Many people use the same password for all their online
accounts. That's convenient, but it's insecure. If you
always use the same password then a rogue employee at
any website you have an account with could have
access to all your accounts. It's safer to have a
unique password at every site you have an account with,
but then you'd have to keep a big list of passwords
somewhere and look up your password every time you need
to log on somewhere. That's pretty inconvenient.

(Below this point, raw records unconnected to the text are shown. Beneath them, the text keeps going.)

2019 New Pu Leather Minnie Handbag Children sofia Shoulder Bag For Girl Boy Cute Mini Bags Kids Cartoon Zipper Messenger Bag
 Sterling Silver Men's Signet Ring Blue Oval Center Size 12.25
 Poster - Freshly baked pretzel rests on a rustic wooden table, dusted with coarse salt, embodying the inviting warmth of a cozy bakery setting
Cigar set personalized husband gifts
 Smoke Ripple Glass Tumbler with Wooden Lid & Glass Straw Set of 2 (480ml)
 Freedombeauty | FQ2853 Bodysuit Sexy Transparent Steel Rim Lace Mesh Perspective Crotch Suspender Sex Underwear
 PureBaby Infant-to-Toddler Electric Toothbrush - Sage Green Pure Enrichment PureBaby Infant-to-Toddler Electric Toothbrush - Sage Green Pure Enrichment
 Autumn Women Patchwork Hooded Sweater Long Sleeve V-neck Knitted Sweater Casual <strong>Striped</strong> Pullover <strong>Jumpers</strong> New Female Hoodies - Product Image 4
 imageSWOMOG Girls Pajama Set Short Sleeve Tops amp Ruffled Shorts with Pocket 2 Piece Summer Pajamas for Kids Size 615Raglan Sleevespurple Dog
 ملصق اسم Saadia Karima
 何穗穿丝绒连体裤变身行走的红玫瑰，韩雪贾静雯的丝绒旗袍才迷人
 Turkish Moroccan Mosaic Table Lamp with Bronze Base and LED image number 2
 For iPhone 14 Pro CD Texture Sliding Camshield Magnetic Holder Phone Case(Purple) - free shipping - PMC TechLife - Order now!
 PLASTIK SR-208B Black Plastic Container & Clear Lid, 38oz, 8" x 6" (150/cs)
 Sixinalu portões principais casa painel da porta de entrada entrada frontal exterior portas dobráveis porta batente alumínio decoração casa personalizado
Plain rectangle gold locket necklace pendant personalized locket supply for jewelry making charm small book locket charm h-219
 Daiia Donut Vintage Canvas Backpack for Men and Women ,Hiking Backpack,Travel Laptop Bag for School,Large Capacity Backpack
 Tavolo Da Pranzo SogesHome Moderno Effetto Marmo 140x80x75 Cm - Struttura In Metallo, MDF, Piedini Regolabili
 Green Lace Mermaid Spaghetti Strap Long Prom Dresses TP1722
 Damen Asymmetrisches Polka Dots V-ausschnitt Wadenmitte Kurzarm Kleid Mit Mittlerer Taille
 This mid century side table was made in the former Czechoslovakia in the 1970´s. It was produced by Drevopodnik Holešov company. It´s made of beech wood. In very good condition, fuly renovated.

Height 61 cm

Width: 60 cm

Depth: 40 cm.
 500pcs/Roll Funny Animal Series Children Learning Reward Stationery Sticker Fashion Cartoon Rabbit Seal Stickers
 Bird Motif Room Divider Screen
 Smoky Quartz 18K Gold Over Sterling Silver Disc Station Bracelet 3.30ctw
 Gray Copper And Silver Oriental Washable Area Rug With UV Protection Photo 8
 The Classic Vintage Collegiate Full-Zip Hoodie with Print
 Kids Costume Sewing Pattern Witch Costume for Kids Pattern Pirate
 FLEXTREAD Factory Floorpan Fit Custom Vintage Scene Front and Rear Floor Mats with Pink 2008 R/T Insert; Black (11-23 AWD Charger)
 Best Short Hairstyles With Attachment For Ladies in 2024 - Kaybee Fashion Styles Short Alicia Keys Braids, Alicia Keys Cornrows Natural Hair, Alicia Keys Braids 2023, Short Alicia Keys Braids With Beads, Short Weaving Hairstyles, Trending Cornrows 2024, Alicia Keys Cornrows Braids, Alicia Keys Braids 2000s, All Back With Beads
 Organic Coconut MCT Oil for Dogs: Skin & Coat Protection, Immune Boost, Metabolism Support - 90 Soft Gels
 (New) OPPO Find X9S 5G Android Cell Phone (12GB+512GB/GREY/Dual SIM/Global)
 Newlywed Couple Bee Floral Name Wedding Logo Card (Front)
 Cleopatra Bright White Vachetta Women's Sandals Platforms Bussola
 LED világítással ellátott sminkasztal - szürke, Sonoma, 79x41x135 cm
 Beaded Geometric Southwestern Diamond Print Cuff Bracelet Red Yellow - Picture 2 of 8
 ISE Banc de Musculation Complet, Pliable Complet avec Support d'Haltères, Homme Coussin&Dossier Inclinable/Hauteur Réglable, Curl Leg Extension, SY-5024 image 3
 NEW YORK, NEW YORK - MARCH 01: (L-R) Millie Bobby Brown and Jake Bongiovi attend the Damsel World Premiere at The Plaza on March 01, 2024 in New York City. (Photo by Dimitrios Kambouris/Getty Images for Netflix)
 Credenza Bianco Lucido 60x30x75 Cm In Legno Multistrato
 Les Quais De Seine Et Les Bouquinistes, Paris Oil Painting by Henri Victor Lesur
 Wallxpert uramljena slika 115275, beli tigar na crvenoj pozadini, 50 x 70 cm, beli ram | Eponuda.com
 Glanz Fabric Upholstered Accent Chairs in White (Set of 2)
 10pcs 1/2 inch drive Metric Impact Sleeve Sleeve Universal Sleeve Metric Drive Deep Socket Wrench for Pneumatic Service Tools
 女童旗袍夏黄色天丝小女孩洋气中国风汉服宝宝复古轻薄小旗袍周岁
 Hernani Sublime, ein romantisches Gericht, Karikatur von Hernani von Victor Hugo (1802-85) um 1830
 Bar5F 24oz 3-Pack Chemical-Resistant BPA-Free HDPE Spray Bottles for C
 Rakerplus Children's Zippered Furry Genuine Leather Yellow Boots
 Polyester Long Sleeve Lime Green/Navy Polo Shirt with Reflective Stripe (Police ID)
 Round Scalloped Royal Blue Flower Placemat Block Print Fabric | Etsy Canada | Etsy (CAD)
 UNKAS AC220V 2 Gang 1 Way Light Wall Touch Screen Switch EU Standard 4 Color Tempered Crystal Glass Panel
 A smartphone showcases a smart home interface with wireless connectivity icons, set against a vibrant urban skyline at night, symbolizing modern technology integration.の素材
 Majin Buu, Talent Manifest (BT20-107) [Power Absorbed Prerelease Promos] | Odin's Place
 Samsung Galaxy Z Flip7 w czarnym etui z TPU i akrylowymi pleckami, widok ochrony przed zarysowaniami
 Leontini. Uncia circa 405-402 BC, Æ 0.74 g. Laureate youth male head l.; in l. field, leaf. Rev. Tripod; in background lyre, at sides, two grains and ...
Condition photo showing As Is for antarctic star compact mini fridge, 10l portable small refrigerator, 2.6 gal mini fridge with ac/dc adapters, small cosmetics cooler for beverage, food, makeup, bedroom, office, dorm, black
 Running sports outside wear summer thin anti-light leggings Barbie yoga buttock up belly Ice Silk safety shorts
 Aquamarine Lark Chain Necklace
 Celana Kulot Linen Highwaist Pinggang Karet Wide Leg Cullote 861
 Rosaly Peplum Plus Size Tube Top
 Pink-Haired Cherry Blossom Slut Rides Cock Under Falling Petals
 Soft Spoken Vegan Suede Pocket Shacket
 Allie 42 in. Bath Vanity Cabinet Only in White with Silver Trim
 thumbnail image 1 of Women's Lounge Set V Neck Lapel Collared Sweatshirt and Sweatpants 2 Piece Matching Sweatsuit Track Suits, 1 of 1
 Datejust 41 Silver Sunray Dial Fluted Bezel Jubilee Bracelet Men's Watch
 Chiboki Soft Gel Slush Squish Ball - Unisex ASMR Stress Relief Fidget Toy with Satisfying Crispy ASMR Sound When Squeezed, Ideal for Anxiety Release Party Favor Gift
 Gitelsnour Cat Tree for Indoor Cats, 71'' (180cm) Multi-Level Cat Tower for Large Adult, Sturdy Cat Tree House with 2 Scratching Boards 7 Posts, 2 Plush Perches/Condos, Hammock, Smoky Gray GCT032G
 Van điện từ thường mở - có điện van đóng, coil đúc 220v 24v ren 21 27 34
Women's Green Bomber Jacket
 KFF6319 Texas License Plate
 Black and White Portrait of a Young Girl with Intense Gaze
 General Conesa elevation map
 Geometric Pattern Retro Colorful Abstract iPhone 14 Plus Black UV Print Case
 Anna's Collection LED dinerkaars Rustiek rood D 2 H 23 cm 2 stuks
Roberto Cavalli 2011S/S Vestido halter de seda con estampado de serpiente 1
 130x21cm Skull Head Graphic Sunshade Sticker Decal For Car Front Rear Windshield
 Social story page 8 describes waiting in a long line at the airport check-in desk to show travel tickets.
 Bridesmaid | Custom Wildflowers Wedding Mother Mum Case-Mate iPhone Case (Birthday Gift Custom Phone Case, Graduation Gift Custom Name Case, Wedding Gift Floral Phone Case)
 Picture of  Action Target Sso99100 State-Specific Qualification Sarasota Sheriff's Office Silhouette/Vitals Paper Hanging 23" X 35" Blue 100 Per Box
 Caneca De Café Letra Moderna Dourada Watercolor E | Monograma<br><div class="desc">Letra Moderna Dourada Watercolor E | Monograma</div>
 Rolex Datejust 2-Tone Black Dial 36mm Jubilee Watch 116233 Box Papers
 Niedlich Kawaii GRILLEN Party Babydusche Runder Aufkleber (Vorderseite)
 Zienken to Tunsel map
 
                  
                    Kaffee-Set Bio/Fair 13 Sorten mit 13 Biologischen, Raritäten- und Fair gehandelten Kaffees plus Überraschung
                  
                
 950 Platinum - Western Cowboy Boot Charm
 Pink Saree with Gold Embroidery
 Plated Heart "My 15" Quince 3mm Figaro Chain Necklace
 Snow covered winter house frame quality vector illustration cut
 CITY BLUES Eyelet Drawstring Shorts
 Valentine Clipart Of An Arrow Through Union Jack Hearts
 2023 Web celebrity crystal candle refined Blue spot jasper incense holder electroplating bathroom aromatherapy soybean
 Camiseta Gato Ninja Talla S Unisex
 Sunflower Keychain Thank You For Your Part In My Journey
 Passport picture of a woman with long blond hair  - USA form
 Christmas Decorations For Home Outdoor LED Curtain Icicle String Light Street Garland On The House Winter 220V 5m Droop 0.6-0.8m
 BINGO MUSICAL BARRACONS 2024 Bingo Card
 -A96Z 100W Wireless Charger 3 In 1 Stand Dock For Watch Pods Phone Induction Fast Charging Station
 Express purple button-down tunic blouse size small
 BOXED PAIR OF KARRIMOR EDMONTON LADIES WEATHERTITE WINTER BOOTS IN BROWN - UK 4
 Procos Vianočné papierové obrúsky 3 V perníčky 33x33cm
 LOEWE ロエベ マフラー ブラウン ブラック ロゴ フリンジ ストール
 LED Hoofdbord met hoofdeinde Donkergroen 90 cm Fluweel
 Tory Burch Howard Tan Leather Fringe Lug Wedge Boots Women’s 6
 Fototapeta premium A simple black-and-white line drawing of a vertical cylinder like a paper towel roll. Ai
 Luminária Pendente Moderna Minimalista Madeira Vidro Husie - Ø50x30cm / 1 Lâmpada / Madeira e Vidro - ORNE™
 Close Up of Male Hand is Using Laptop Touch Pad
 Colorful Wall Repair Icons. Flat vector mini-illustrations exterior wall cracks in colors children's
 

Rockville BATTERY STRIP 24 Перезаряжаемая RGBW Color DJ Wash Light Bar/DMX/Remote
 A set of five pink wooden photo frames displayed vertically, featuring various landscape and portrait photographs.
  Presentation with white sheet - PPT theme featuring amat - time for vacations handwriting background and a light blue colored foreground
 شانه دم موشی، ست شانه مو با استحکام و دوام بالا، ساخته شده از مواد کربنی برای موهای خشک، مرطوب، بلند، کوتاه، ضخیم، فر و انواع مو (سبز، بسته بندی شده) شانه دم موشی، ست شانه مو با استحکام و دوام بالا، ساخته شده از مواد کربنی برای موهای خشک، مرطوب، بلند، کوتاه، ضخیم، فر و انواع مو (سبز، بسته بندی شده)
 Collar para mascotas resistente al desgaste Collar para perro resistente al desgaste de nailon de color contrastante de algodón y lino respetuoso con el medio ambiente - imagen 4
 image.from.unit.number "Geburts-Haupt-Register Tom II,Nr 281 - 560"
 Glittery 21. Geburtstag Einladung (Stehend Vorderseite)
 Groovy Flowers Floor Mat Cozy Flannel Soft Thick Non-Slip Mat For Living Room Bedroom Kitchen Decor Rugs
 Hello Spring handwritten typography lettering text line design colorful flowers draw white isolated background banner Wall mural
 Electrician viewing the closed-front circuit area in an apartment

So here's my solution: Use passwords based on
the initials of the website you're logging in to, plus
some other characters. Now you've got a unique
password for every site you log into, and you'll know it
without having to look it up.
For example, let's make our password the initials of
the website you're logging into plus the characters
"637uuu". For your Yahoo Mail account, your password
would be ym637uuu, and for your PayPal account it
would be pp637uuu.
That's already very secure, but you can go one step
further. You can split up the initials, putting them on
opposite ends of the password: Initial #1 + 637uuu +
Initial #2. So with that method we'd have y637uuum
or p637uuup.
For extreme security you can go even further, by using
"637uuu" in certain circumstances and "429elf" in others.
Or you could shift the initials of the website in
question forward by one letter, so that "ym" would become
"zn", and "pp" would become "qq".
The possibilities for methods and variations are
endless. But whatever you choose, you've got a unique
password for every website you log onto, and it's a
password you know without having to look it up. Neat!